A row between a spam-fighting group and hosting firm has sparked retaliation attacks affecting the wider internet.
The BBC reports it is having an impact on popular services like Netflix and experts worry it could escalate.
Non-profit organisation Spamhaus, a group that aims to help email providers filter out spam, recently blocked servers maintained by Dutch web host Cyberbunker, which states it will host anything with the exception of child pornography or terrorism-related material.
Spamhaus has alleged that Cyberbunker, in cooperation with "criminal gangs" from Eastern Europe and Russia, is behind the attack.
Steve Linford, chief executive for Spamhaus, told the BBC the scale of the attack was unprecedented.
Mr Linford said the attacks were peaking at 300 gigabits per second. "Normally when there are attacks against major banks, we're talking about 50 gb/s."
The attackers have used a tactic known as Distributed Denial of Service (DDoS), which floods the intended target with large amounts of traffic in an attempt to render it unreachable.
Spamhaus is able to cope, the group says, as it has highly distributed infrastructure in a number of countries.
Mr Linford told the BBC that the attack was being investigated by five different national cyber-police-forces around the world.
He claimed he was unable to disclose more details because the forces were concerned that they too may suffer attacks on their own infrastructure.

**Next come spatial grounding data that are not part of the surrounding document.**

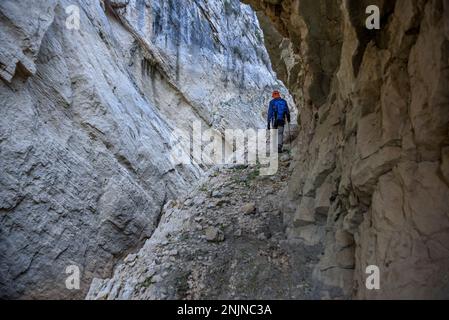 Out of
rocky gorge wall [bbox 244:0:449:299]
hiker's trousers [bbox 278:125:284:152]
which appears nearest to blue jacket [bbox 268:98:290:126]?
hiker's trousers [bbox 278:125:284:152]

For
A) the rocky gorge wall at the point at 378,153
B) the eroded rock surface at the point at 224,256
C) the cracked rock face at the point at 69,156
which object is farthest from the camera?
Result: the cracked rock face at the point at 69,156

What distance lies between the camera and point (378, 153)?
16.6 feet

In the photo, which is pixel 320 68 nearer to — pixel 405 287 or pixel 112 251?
pixel 405 287

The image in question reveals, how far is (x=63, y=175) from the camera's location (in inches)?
485

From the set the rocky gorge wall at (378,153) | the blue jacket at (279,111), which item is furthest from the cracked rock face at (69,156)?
the rocky gorge wall at (378,153)

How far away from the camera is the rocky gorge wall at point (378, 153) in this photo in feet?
13.3

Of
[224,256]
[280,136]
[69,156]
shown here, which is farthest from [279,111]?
[69,156]

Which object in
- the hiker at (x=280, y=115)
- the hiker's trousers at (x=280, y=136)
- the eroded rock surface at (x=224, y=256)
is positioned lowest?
the eroded rock surface at (x=224, y=256)

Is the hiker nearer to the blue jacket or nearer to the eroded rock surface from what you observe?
the blue jacket

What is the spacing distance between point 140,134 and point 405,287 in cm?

Sven Olaf Kamphuis, who claims to be a spokesman for Cyberbunker, said, in a message, that Spamhaus was abusing its position, and should not be allowed to decide "what goes and does not go on the internet".
The knock-on effect is hurting internet services globally, said Prof Alan Woodward, a cybersecurity expert at the University of Surrey.
Spamhaus is supported by many of the world's largest internet companies who rely on it to filter unwanted material.